Seventeenth Stars of Mathematics Competition

a) Let $K$ be the polygon under consideration. Since $K$ is convex, the tiling triangles fall into two classes: Those having all edges inside $K$, and those having at least one edge on the boundary of $K$. (If $K$ were not convex, there might also exist triangles having only parts of edges on the boundary of $K$, and the conclusion may fail to hold — see part b).) Every inner edge of a triangle is subdivided into one or more 'short' segments by (the boundaries of) some other triangles on the opposite side. Each short segment is shared by exactly two triangles. Notice further that every short segment lies along a

unique segment of maximal length which is a concatenation of non-overlapping inner edges coming from the triangles on the same side of that segment. Hence, the total length of the short segments along one of maximal length is integer. Consequently, so is the total length $s$ of all short segments. Clearly, every outer edge (lying on the boundary of $K$) belongs to a single triangle, and the total length of all outer edges is the perimeter of $K$. Finally, let $t$ be the number of triangles, and let $S$ be the sum of their perimeters. Since the sides of each triangle all have an odd length, $t$ and $S$ have like parities. By the preceding, the perimeter of $K$ is $S-2s$, and the conclusion follows.
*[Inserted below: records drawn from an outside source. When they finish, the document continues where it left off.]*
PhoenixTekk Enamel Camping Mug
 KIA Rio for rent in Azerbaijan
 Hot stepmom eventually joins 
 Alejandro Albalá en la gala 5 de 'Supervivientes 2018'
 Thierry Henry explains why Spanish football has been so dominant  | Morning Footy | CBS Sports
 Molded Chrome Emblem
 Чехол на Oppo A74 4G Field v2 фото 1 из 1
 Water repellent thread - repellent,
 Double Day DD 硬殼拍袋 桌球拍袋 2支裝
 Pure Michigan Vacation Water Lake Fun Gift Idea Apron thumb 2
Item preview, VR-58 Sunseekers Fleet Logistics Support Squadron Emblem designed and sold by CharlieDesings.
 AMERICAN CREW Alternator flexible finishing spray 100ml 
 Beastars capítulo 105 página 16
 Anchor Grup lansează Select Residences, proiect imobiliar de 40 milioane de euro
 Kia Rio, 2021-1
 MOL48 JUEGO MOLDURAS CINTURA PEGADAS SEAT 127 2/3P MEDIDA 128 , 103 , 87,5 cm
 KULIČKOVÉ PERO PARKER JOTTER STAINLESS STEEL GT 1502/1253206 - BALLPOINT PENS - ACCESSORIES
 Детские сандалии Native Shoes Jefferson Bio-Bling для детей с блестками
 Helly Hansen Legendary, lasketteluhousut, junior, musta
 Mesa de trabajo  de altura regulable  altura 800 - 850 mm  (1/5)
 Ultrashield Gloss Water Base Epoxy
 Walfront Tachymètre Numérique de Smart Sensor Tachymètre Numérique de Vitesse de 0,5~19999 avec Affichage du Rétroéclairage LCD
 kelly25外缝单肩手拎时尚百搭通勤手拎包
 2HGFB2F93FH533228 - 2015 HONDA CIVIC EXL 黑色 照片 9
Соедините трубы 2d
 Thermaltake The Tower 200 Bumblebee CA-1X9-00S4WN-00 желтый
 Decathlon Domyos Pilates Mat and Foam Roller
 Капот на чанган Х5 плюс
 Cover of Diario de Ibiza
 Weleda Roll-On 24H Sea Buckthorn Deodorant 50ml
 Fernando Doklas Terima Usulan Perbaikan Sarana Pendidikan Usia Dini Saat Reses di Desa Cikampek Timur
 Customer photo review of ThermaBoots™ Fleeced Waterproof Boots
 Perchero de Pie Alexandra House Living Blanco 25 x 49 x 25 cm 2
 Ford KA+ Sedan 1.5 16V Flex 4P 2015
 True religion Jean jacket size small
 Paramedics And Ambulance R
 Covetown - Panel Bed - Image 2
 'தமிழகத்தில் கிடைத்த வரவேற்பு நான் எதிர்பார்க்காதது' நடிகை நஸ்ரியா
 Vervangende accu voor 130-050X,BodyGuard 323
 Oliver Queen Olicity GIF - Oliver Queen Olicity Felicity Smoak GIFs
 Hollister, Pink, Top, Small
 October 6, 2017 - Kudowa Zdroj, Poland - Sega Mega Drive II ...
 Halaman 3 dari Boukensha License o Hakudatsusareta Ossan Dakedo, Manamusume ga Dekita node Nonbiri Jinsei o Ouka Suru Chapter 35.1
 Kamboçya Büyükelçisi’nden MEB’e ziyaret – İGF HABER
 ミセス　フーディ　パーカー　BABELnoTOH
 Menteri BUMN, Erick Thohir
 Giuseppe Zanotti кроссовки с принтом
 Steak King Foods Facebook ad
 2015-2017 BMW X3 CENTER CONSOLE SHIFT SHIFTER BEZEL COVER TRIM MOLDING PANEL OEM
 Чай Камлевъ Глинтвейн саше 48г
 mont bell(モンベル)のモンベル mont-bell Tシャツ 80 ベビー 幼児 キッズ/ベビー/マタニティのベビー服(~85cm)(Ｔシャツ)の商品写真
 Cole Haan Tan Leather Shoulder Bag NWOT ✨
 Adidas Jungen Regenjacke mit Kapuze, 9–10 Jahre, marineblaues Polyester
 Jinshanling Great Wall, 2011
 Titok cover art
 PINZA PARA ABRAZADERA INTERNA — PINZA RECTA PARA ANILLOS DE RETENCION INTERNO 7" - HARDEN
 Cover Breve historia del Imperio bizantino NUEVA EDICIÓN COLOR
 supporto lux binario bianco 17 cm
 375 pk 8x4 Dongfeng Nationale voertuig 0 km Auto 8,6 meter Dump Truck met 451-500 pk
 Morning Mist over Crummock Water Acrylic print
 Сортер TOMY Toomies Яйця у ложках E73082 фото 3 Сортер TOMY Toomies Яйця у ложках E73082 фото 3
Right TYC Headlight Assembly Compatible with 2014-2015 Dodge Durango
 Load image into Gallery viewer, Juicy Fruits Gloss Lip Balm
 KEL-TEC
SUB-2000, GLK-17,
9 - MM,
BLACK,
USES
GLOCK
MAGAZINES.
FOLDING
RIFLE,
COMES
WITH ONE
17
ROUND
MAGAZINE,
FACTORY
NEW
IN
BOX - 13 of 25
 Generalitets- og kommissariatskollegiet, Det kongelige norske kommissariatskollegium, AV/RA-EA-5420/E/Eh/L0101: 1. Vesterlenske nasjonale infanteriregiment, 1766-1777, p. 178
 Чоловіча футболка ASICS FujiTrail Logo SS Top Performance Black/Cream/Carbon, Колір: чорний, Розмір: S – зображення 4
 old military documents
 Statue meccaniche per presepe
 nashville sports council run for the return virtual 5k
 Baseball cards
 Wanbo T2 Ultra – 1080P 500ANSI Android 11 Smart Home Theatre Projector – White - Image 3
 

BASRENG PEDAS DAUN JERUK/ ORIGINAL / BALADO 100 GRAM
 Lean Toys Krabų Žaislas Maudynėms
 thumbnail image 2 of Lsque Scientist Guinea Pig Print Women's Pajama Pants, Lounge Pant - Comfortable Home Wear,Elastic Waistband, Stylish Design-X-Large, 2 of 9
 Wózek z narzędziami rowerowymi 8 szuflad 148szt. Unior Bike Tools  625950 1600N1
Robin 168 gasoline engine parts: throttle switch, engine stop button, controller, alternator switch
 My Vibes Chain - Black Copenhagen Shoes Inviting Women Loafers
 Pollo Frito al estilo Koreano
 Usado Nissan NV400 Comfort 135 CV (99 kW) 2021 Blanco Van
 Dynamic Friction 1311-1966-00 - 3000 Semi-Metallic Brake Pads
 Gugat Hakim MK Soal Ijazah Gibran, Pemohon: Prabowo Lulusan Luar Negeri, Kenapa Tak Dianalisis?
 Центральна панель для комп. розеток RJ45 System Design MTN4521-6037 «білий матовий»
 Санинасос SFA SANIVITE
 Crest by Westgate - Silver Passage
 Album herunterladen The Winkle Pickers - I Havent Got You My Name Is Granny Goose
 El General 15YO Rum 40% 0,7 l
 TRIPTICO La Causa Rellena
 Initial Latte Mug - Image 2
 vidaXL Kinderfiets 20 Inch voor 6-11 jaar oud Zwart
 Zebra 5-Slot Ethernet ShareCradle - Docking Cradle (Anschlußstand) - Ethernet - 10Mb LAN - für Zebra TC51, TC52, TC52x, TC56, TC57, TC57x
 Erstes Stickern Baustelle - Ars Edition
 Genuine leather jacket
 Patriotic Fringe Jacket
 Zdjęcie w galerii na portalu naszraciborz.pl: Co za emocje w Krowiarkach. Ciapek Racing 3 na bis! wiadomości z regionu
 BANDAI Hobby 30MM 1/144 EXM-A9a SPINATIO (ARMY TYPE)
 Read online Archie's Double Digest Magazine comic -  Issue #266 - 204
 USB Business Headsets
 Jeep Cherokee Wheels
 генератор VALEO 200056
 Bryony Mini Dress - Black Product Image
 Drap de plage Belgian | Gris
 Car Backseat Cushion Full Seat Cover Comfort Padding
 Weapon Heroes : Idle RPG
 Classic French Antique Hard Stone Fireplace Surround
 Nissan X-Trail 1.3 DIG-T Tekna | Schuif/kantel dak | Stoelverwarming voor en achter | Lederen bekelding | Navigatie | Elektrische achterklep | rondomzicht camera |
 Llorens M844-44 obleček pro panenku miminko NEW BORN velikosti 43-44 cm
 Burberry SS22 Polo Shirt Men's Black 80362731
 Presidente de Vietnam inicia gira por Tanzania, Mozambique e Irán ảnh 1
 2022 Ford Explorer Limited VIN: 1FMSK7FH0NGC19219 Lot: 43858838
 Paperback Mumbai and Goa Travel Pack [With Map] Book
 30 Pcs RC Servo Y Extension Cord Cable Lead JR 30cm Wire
b) The answer is in the negative. Let $A,A^{\prime },B,B^{\prime }$, in order, be distinct points on a line $\ell$ such that $AB=A^{\prime }{B}^{\prime }=1$. Erect equilateral triangles $ABC$ and $A^{\prime }{B}^{\prime }{C}^{\prime }$, where $C$ and $C^{\prime }$ lie on opposite sides of $\ell$. These two triangles tile the non-convex hexagon $A{A}^{\prime }{C}^{\prime }{B}^{\prime }BC$. Letting $A{A}^{\prime }=B{B}^{\prime }=x$, the perimeter of the hexagon is $4+2x$. If $x=\frac{1}{2}$, the perimeter is 5 which is odd, and if $x\ne \frac{1}{2}$, the perimeter is not even an integer.